Еще в начале творческой карьеры режиссеры предоставили Александру Георгиевичу амплуа «злодеев»: да и в самом деле есть у него эдакая безразлично-инфернальная улыбочка, наработанная за долгие годы существования в данном измерении. Он играл и царей, и вождей, и даже нечистую силу: в экранизированном в разные годы романе Михаила Булгакова «Мастер и Маргарита» исполнил сначала роль Коровьева, а потом – Азазелло.
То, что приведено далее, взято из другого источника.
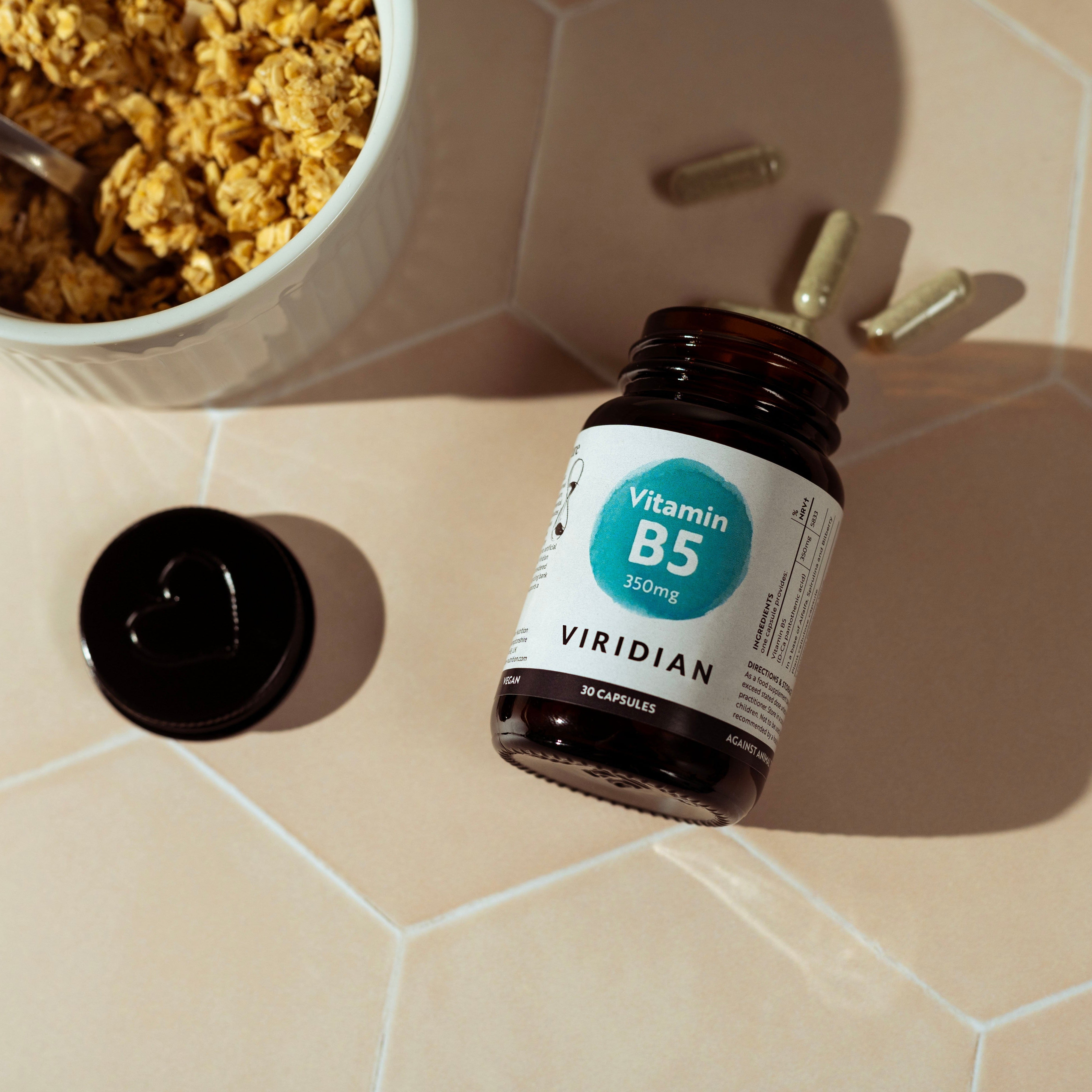 Viridian B5-vitamiini (pantoteenihappo) 350mg 90 kaps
А в фильме по произведению братьев Стругацких «Трудно быть богом» воплотил в жизнь диктатора, «сокола нашего, дона Рэбу».  Но кто бы мог подумать, что перед поступлением в Щукинское училище Филиппенко окончил физико-математический факультет и в том же 1967 году дебютировал в кино. «Судьба распорядилась», – комментирует артист, визитными карточками которого можно считать фильмы «Визит к Минотавру», «Рожденная революцией», «Мой друг Иван Лапшин», «Баллада о доблестном рыцаре Айвенго» и еще десятки других. Для детей он – великолепный Кощей в сказке «Там, на неведомых дорожках», а для многих зрителей среднего поколения одной из самых ярких стала теат­ральная работа в пьесе Виктора Славкина «Взрослая дочь молодого человека» – монолог стиляги из нее впоследствии перерос в успешный концертный номер. Эстрада – родная стихия для Александра Филиппенко, который читает публике Зощенко, Аверченко, Чехова, Гоголя, да так, словно заново открывает давно известных и любимых авторов.
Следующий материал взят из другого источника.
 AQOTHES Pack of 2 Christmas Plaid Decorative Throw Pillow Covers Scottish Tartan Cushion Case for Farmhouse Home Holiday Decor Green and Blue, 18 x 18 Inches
После спектакля в Ясной Поляне лицедей, еще не отошедший от литературных страстей, расспрашивал пришедших журналистов и поклонников о впечатлениях: «Как вам произведение? Нет ощущения безысходности? Это очень важно…» А потом резюмировал:
– Мейерхольдовщины сюда бы надо добавить, а так – Гриценко, Ульянов прослеживаются,  артисты нашей школы, именно они и  смогли бы это воспроизвести в нужном ключе. И ведь как все актуально до сих пор! Когда я Гоголя со сцены читаю, случается, люди приходят за кулисы и с удивлением говорят: а ведь ничего не изменилось и до сих пор, те же чувства, эмоции… А кстати, ребята, мы собрались на родине Толстого, но он не любил Шекспира – у великих это бывает, не признают друг друга.
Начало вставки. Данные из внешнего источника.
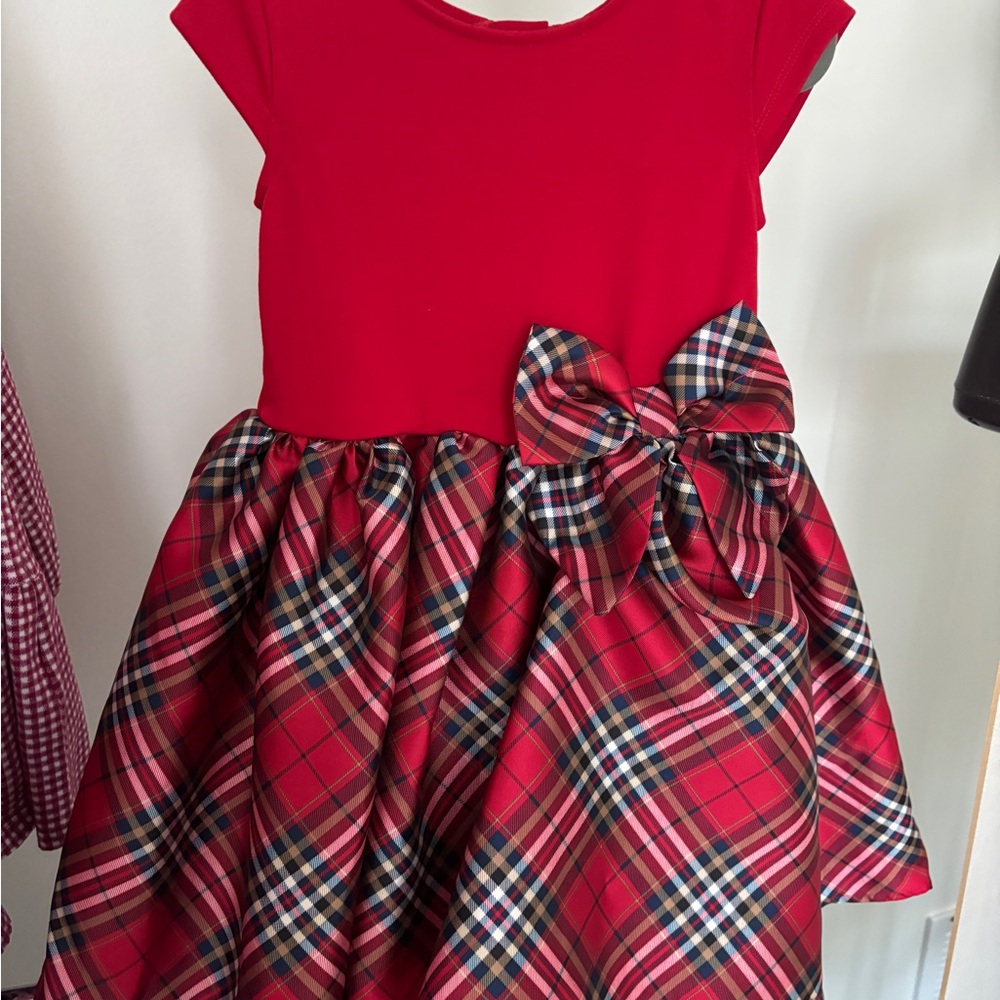H&M Red Plaid Holiday Dress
– Было ощущение, что мы очутились там – сначала в океане, потом на острове.
– Значит, «машина времени» сработала? Теперь вы понимаете, что есть некоторые произведения, которые не могут быть перенесены на экран: они обладают некими полифоническими свойствами. Это «Мастер и Маргарита», «Жизнь и судьба», «Доктор Живаго», которые вы можете только читать – один на один с торшером и воображать, что происходит. Я во время чтения тоже предполагал, что могли бы придумать режиссеры, и показывал, как бы отплясывала танцевальная группа или какие возможны сценические эффекты. Помню, как мы в студенческие годы сдавали самостоятельные работы в партком, потом трепетно ждали вердикта преподавателей, режиссеров и слышали фразу: «Осадок хороший!» Вот, надеюсь, что и у вас такой же останется после «Бури».
– Вы впервые исполняли «Бурю»?
– Когда мне поступило предложение на этой земле прочитать ее в новом переводе, я, конечно, согласился, хотя шел на риск – это же была чистейшая джазовая импровизация. Посмотрели бы на меня за полчаса до выступления, как сам склеивал-переклеивал листы текста: времени, чтобы подготовиться, катастрофически не хватало. Даже книги с произведениями Вильяма Шекспира в новом переводе не успели привезти из типографии, чтобы зрители потом могли их приобрести. И хочу вас опять спросить: а стоит ли продолжать работать в этом направлении?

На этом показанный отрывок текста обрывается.